Making Strides

Making Strides

A lot has changed since I last sat down to write about my experience as a VISTA with the Hub City Farmer’s Market. I think the first two months have shown me how dynamic this job can be, and I’ve had a glimpse of the many faces of a developing community. Through people I’ve met from the farmer’s market, other nonprofits, and in my day to day life as a new community member, it is clear that different interests are competing for a stake in Spartanburg’s future.

Whether they seek progress or consistency, one thing is clear: all identify Spartanburg as a growing community, and are working to adapt to these changes in their own way. Some can be found clinging to established practices, uncomfortable with change, trying to hold on to the Spartanburg that they are familiar with and could thrive in. They fear being edged out by the more youthful, progressive entrepreneurs.

Such groups are part of the movement to make Spartanburg a destination for young professionals and graduates from the seven local universities and colleges. While attending a presentation by the “One Spartanburg” initiative with my VISTA cohort, one of the primary topics was retention of college graduates, and attracting young talent from outside of Spartanburg.
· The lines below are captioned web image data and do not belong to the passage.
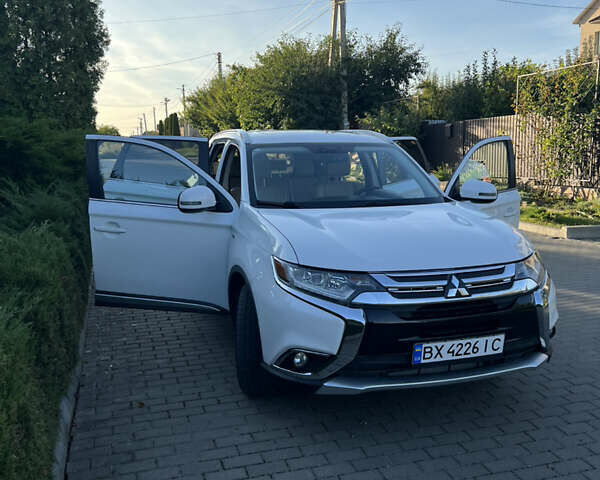 Белый Мицубиси Аутлендер, объемом двигателя 3 л и пробегом 197 тыс. км за 15300 $, фото 11 на Automoto.ua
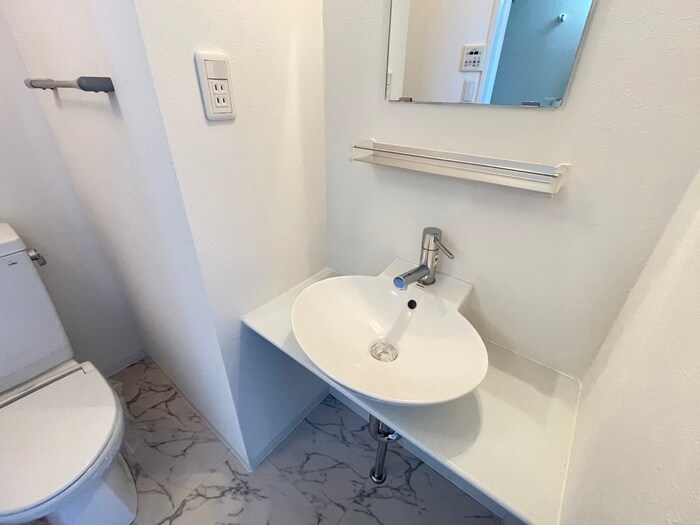 物件内観写真12　(洗面)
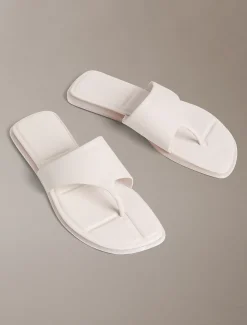 Carla - Leren teenslippers met vierkante teen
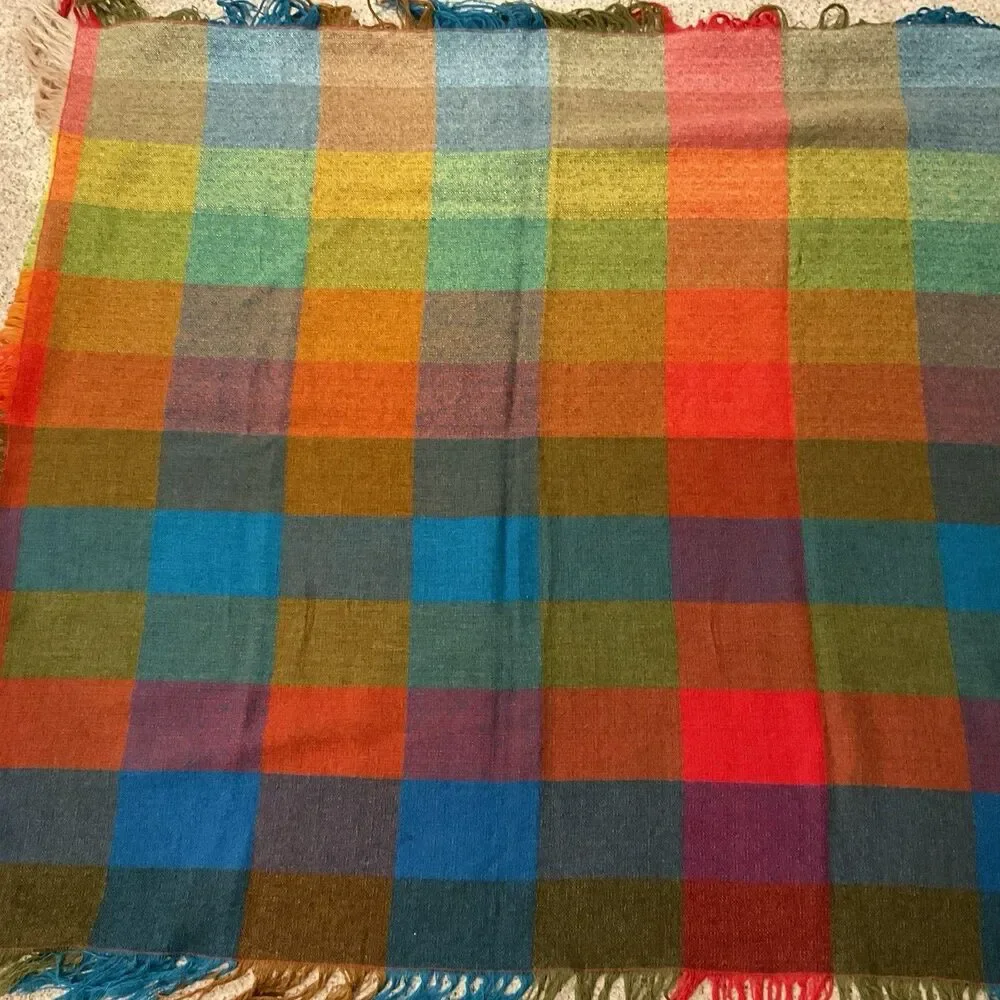 Unbranded bright squares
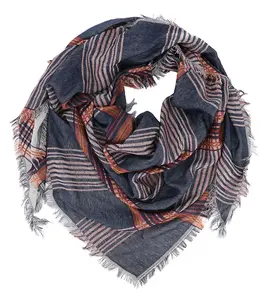 2024 New Arrival 100% Polyester Cozy & Chic Triangle Plaid Scarf with Frayed Edges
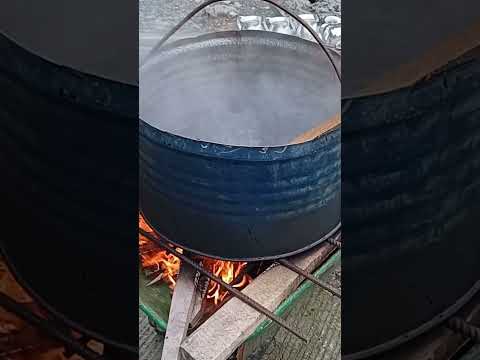 COCCION DE BREA PARA SELLADO ASFALTICO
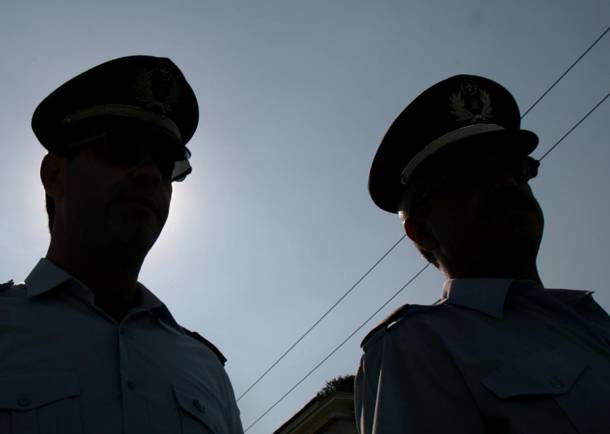 Αστυνομικός κατηγορείται για τη θανάτωση δύο σκύλων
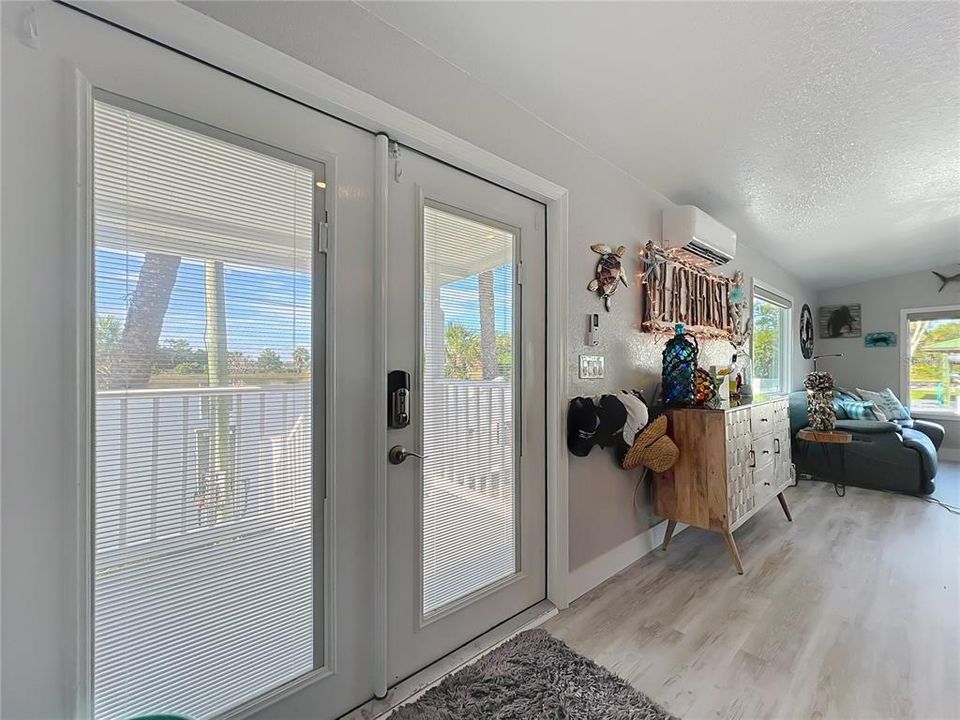 En Venta: $479,000 (3 camas, 2 baños, 1440 Pies cuadrados)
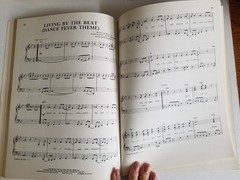 Pre-Owned 1987/1988 TV Songbook and Columbia&rsquo;s 50 Popular Hits – Sheet Music
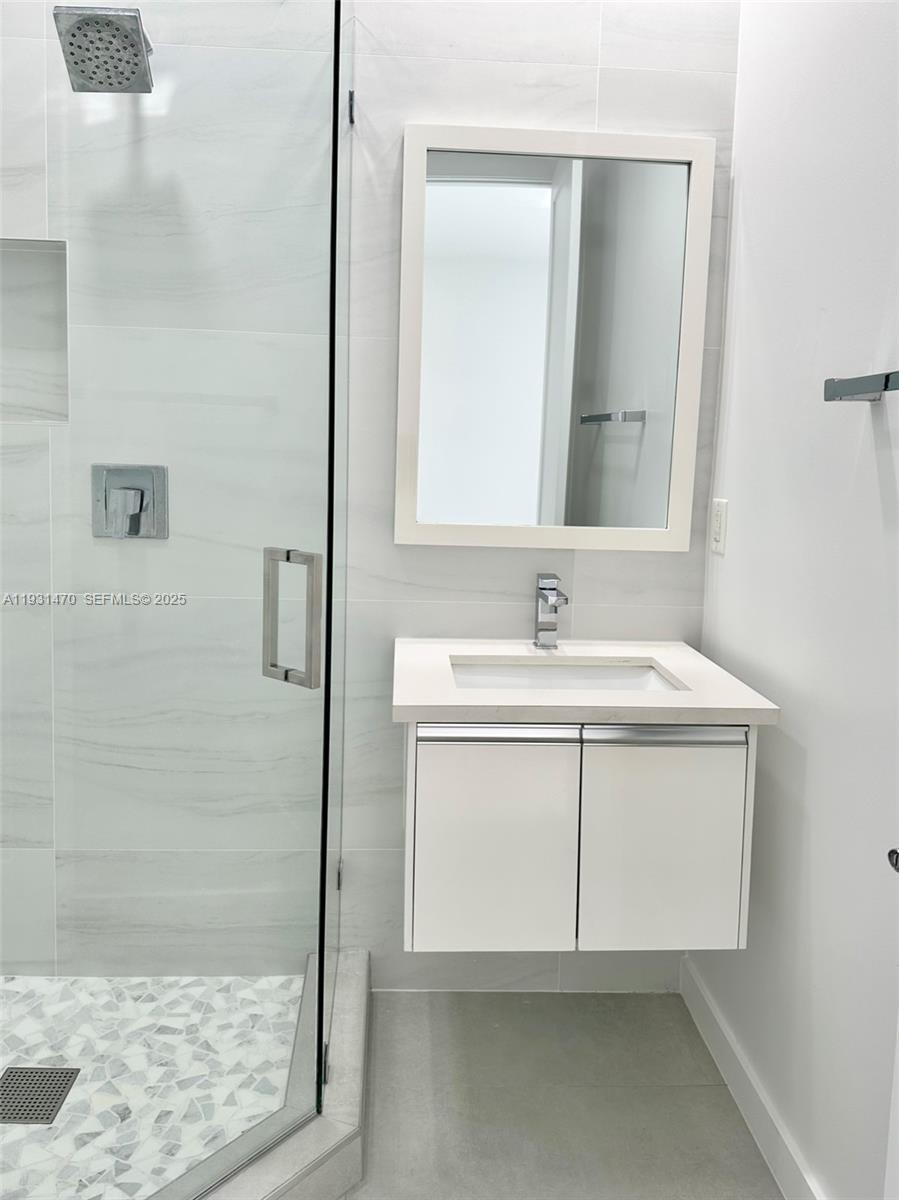 LANDMARK AT DORAL - Residential Lease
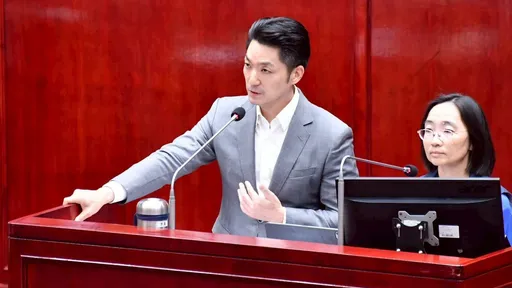 市長iPad答詢看什麼？　她8年經驗談：奉勸別對沒營養綠議員動怒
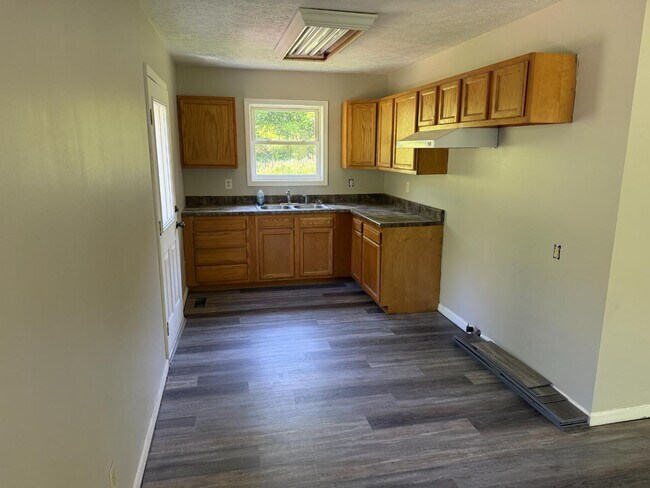 Building Photo - 2156 Yellow Sulphur Rd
This initiative I feel paints an accurate picture of the road ahead for Spartanburg as it continues to develop, based on extensive research.

One of the biggest challenges in my opinion, and that of One Spartanburg, is closing the apparently widening education gap. Research shows that the older generation has a higher rate of college graduates than my generation, indicating that growth may not be sustainable. Various educational programs are being proposed at the district’s level, as well as initiatives to encourage graduates from the 7 local higher-ed institutions to grow their roots here in Spartanburg. These two models exemplify both bottom-up and top-down approaches to closing the education gap and attracting young talent, as young professionals who stay in the area can invest in the community, and the district high schools can churn out college-ready students to help sustain local growth.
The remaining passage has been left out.